Namun aturan itu diubah, pemberitahuan notifikasi merger atau akuisisi ke KPPU itu,  dilakukan sebelum penggabungan atau peleburan badan usaha, pengambilalihan saham, pengambilalihan aset atau pembentukan usaha patungan.
 
"Dalam hal merger dan akuisisi ini dilakukan secara ketat dan itu dilakukan pra merger," lanjut Muhajir beberapa waktu lalu.
 

TAK DIKABULKAN - Sebelumnya Ketua Komisi Pengawas Persaingan Usaha (KPPU) Syarkawi Rauf menyebut pihaknya menghendaki sejumlah revisi dalam Undang-Undang Nomor 5 Tahun 1999. Pihaknya menyebut setidaknya ada lima poin yang perlu direvisi dalam uu sebelumnya.
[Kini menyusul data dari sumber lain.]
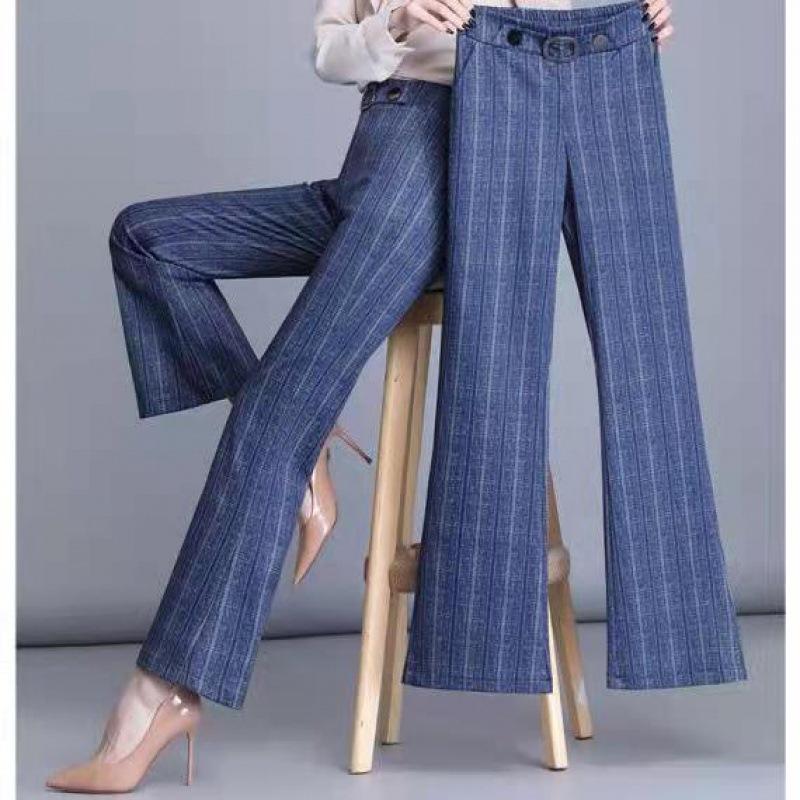 Women's Commuter High Waist Casual Wide Leg Pants Plaid Flared Pants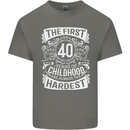 First 40 Years of Childhood Funny 40th Birthday Mens Cotton T-Shirt Tee Top Charcoal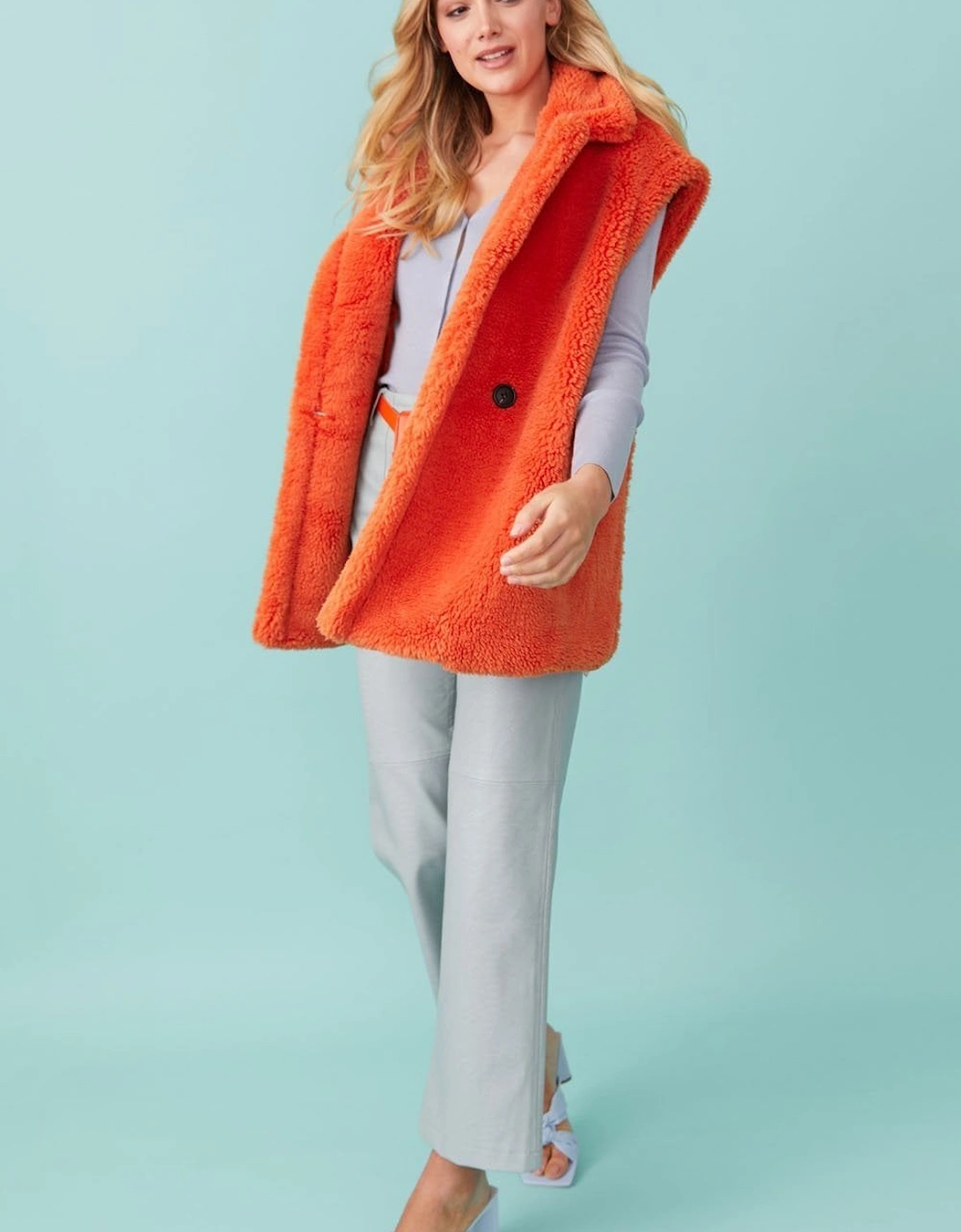 Orange Faux Shearling Midi Gilet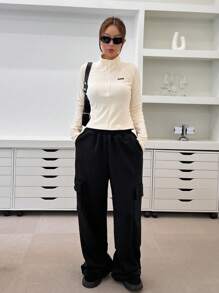 DAZY Letter Patched Detail Raglan Sleeve Mock Neck Tee - Beige - View 3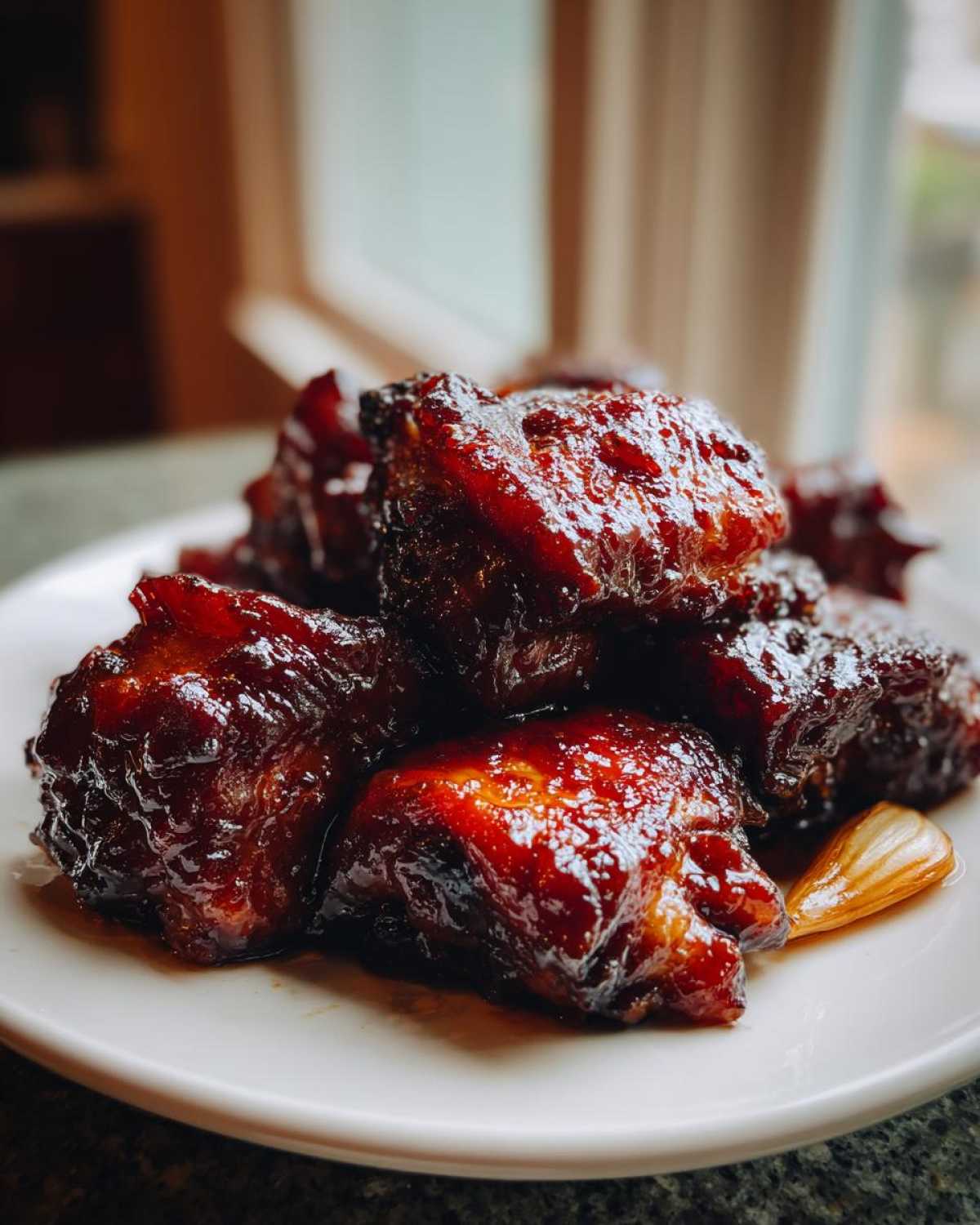 Close-up of rich, dark glazed pieces of Soy Sauce Chicken with Ginger piled on a white plate.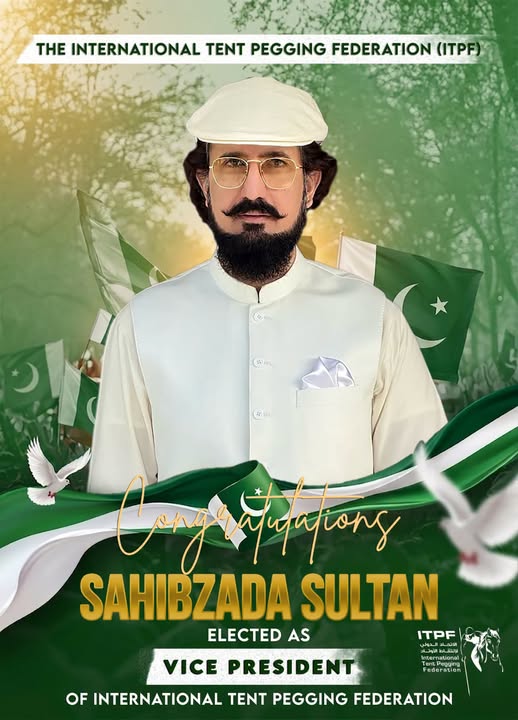 Historic achievement: H.E. Sahibzada Sultan Muhammad Ali Sahib elected Vice President of the International Tent Pegging Federation. Congratulations! 🇵🇰

#SultanVicePresidentITPF
#SultanRisesAgain
#GreenFlagRisesAtITPF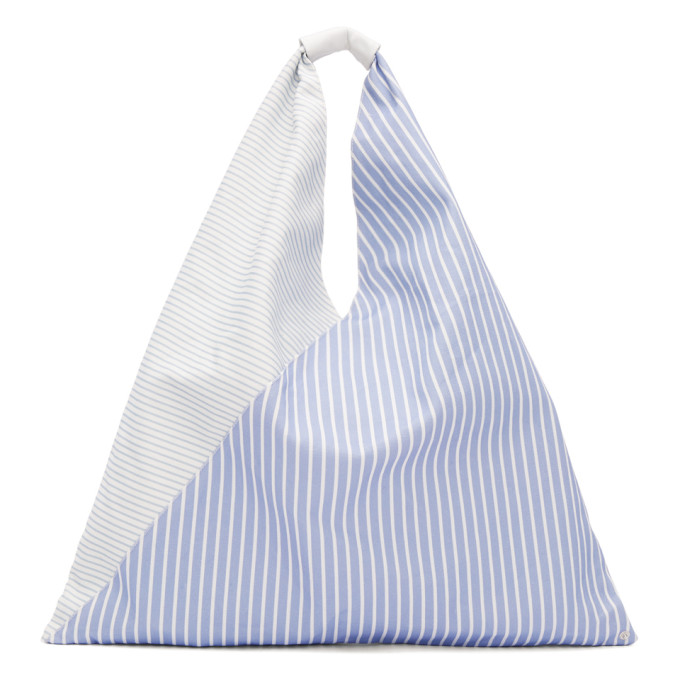 MM6 Maison Martin Margiela Blue & White Striped Canvas Tote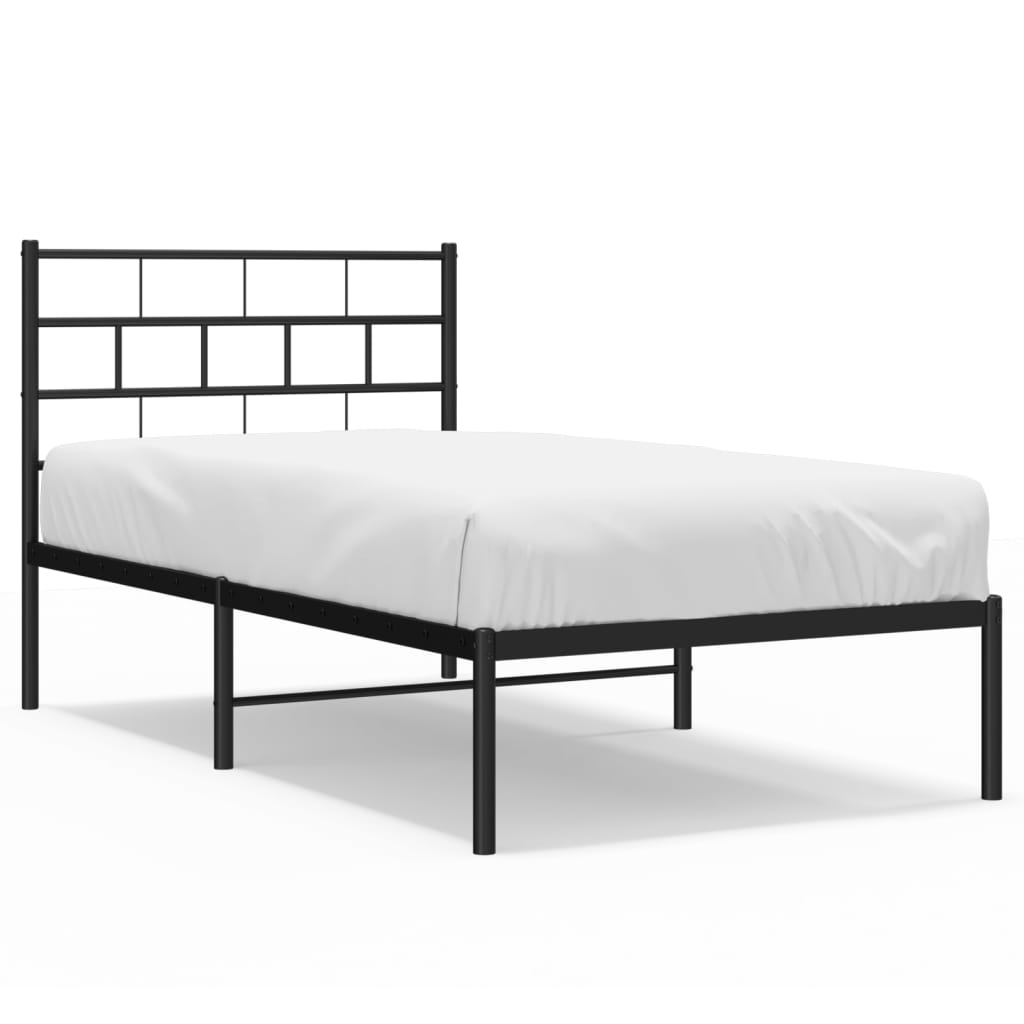 Metal Bed Frame without Mattress with Headboard Black 75x190cm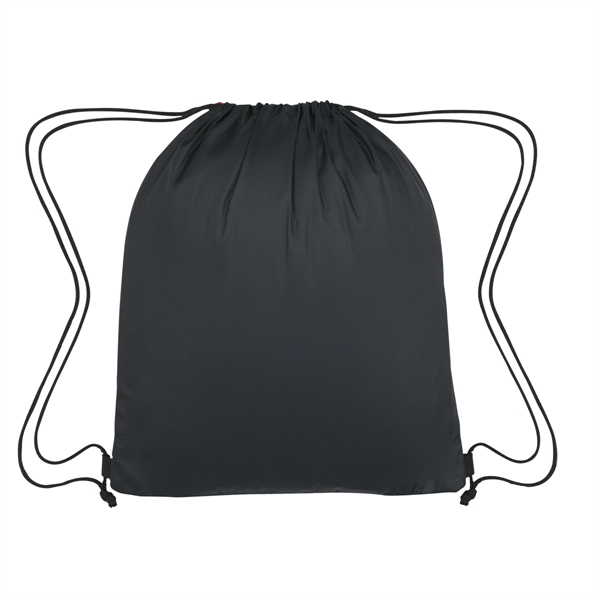 BLACK WITH BLACK color option for Mesh Accented Drawstring Knapsack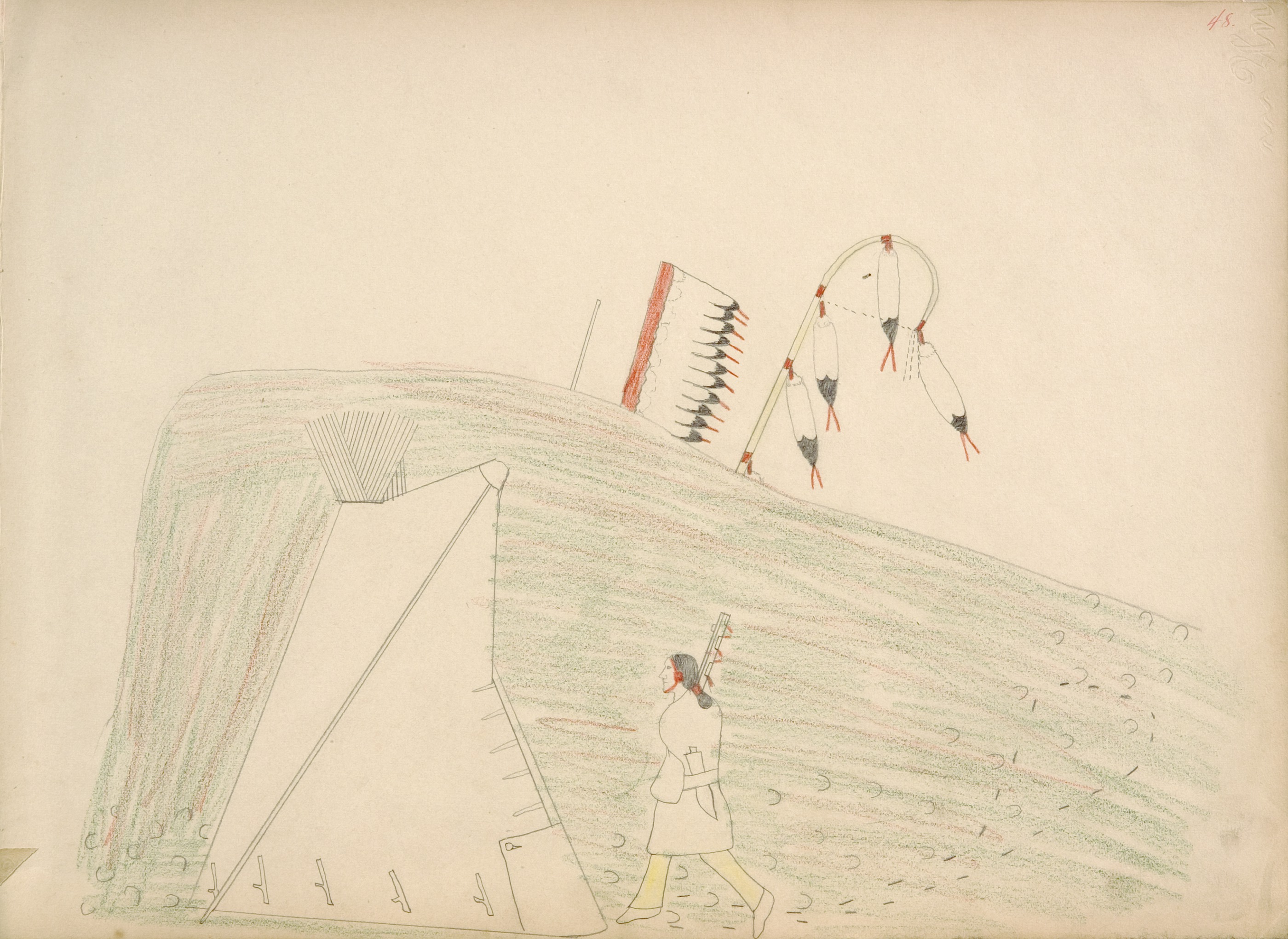 Navajo Returning to His Tepee and Finds Tracks of His Horses that have been Stolen by Kiowas - Pursues Kiowas who are just over the Hill from His Camp and is Killed by Them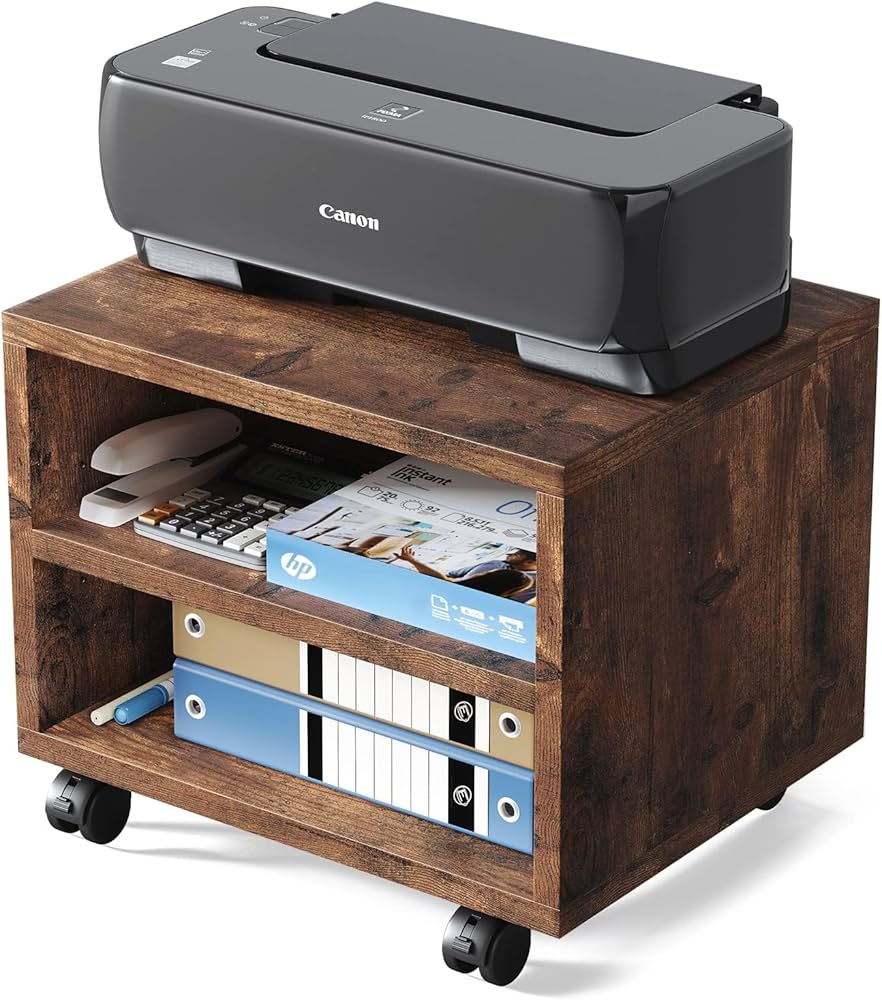 Amazon.co.jp: KUKERプリンター台 キャスター付き 木製プリンター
Antara lain, Pertama soal denda, pihaknya menghendaki adanya perubahan soal denda persaingan yang sebelumnya dinilai sangat tak sebanding dengan tindakan kejahatan yang dilakukan. Pada UU sebelumnya denda maksimal hanya Rp25 miliar. Padahal banyak pelaku kartel yang keuntungannya dari bisnis kartelnya lebih dari Rp25 miliar. "karena aturan itu, Kami tidak bisa menghukum lebih dari itu," ujarnya.

Empat hal Lainnya  yang perlu direvisi adalah soal definisi pelaku usaha. Selama ini KPPU hanya bisa mengawasi perusahaan yang bersaing di Indonesia, padahal ada kasus persaingan yang dilakukan di Singapura atau Malaysia yang kemudian berdampak ke Indonesia.

Kedua soal  penguatan KPPU secara kelembagaan. Ketiga, terkait kewenangan KPPU menggeledah dan menyita suatu hal yang terkait dengan penyelidikan persaingan usaha. Terakhir soal perubahan  aturan notifikasi proses merger atau akuisisi ke KPPU. Dalam aturan sebelumnya, proses ini berada di tahap post merger atau akuisisi pihaknya berharap notifikasi itu dilakukan pada tahapan pre-merger atau akuisisi.

Namun kewenangan terkait penyidikan seperti penyitaan, penggeledahan dan penyadapan tak bisa dikabulkan DPR. Lembaga wakil rakyat itu justru mengembalikan kewenangan itu sesuai KUHP atau menyerahkan penanganan penyidikan kepada petugas hukum seperti polisi dan kejaksaan agung atau aparat hukum yang ditunjuk.